Wanted thrilling, not one-sided contests
We in India have a long history of Test match contests where India has thrived on its low, slow, spinning tracks to pulverise its rivals into submission. In times gone by, when Tests were the soul and substance of cricket, India had reason to feel elated at subjecting the best teams of the world to this searing examination of their skill and patience on wearing wickets. If pace was India’s bane, inability to play quality spin was the most vulnerable part of a team visiting India.
The atmosphere at the ground used to be electric when a Bedi, Chandra or Prasanna would make a batsman feel miserable at the sight of the turning ball, while being surrounded by a clutch of fielders waiting for a bat and pad. Thousands would scream each time the ball would lob into the fielder’s hands and the umpires would find it impossible to segregate the sound of the ball hitting the bat from the roar of the crowd.
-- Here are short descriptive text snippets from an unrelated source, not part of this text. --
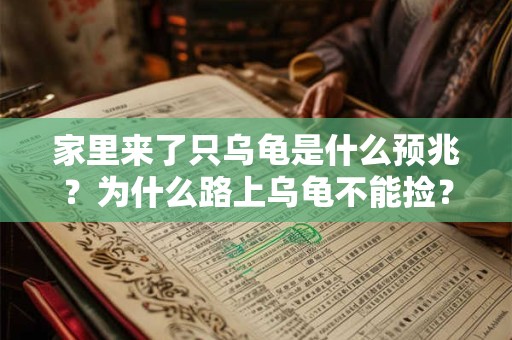 家里来了只乌龟是什么预兆？为什么路上乌龟不能捡？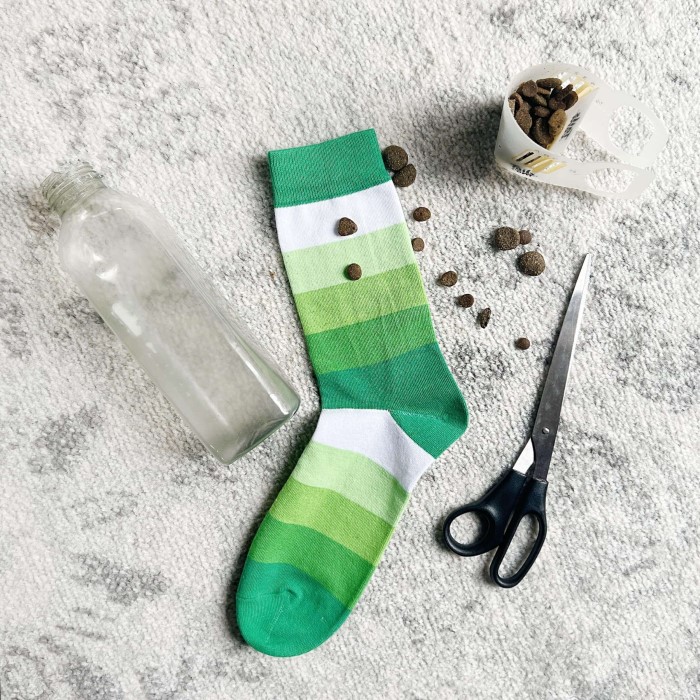 how do you make a sensory dog toy?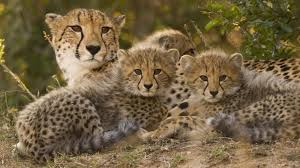 Image result for The Cheetah is much more vulnerable than previously thought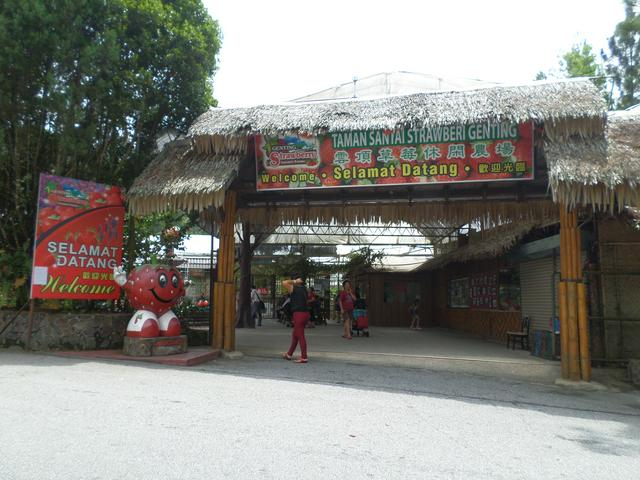 Genting Strawberry Leisure Farm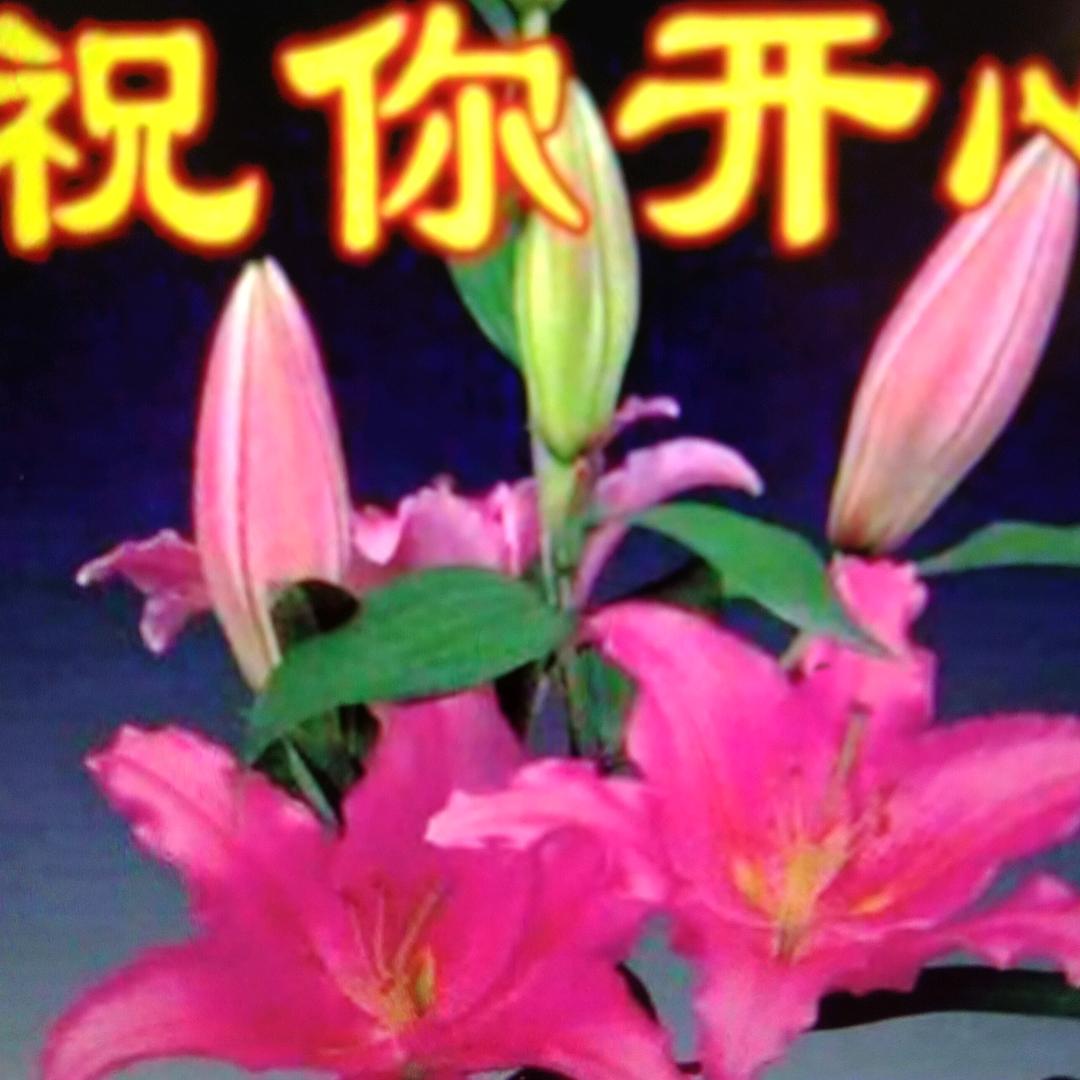追梦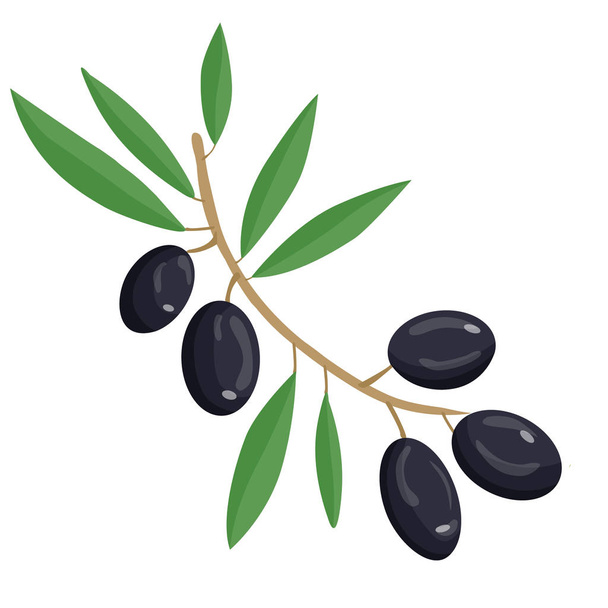 オリーブオイルのロゴ。オリーブの枝。白を基調としたオーガニックオリーブベクトルイラスト. - ベクター画像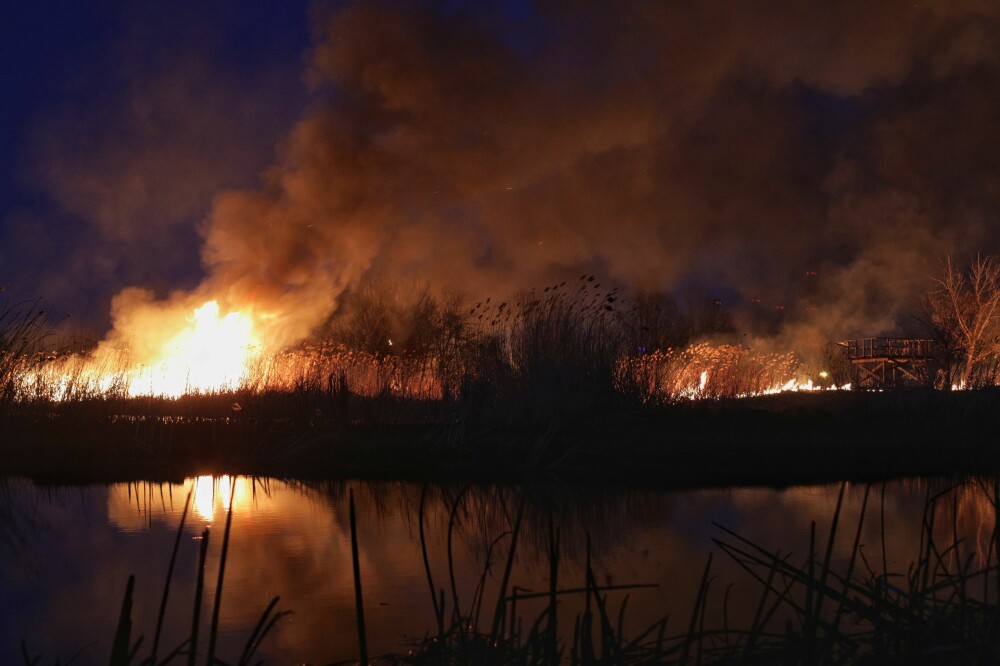 Incendiul din Delta Văcărești a fost stins. Care sunt pagubele - Imaginea 17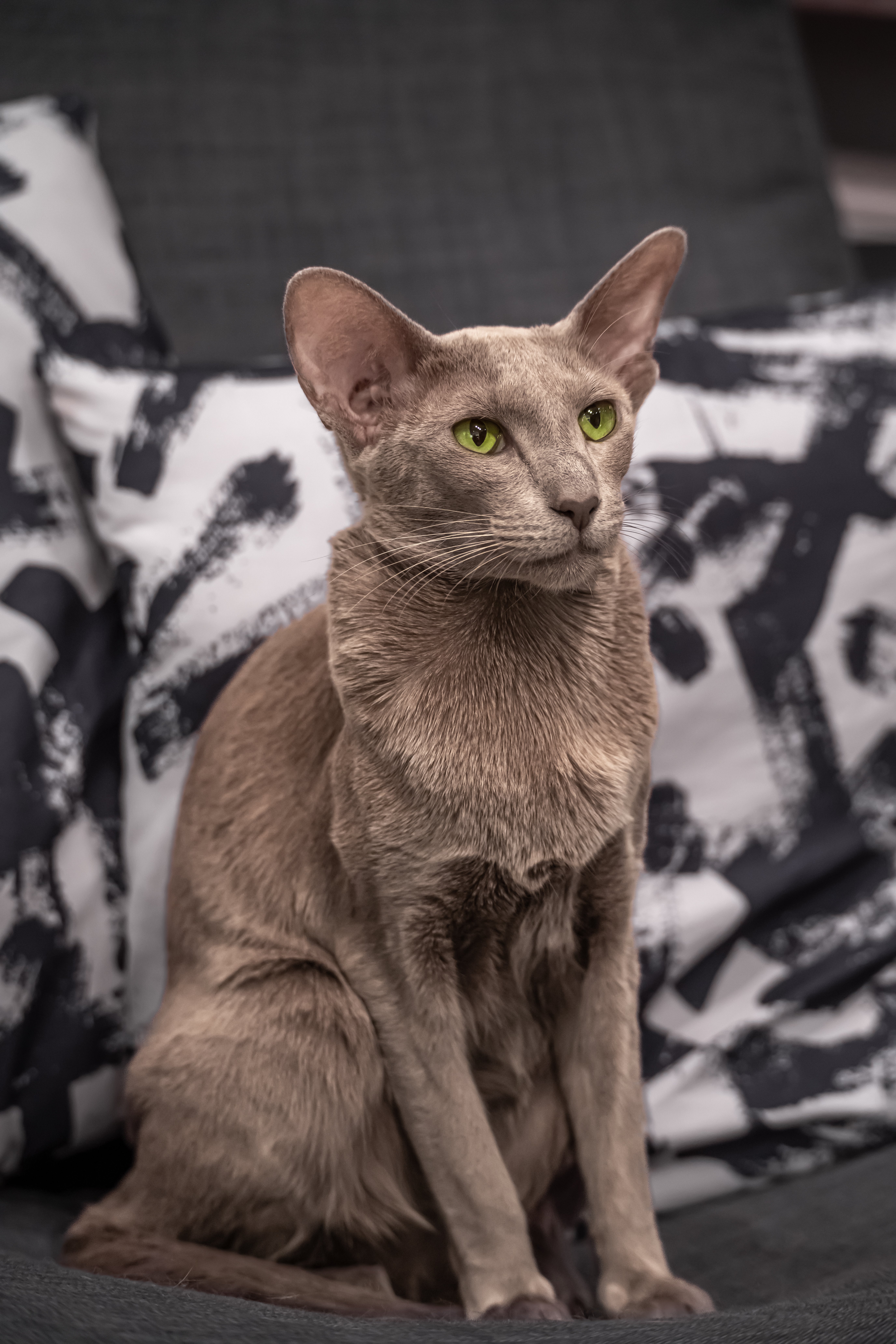 oriental shorthair cat adoption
Men like Kumble took this strangulation of the batsmen to a different level and India became unbeatable at home.
In our most immediate times, where the frenetic pace combined with close contests in the shortened version of the game have caught the imagination of the public, Test cricket cannot survive when the contest between bat and the ball is completely unequal.
Is there any fun in watching either only the batsmen score runs or only the bowlers take wickets, or whichever team bats first winning the match with ease because the placid nature of the wicket allows them to make more than 600 runs in a breeze?
Doesn’t a lack of contest make the whole action boring to watch, even if the team winning happens to be your own?
I raise these points after first watching the Ahmedabad Test turn into a yawning affair and now the Kanpur Test become a no contest almost from Day One. These are not the kind of matches which can help Tests survive the onslaught of T20 or one-day cricket.
The question here is not of which team is winning and which one losing. Indians would rejoice at the drubbing Sri Lankans have got at Kanpur but the larger issue remains.
Did the duel between the bat and ball really excite us as cricket fans? The Kanpur track was not treacherous, far from it and the Lankans got crushed under the weight of India’s huge score, otherwise even this Test would have ended in a drab draw.
I am happy that India have won and Sreesanth is back doing what he had promised when he burst into Tests a few years back: wobbling the ball even in the most adverse conditions.
But what is most worrisome in this series is the nature of the tracks. If Mumbai also prepares wickets like the ones in the first two matches, then no one should bemoan the demise of Test cricket in India.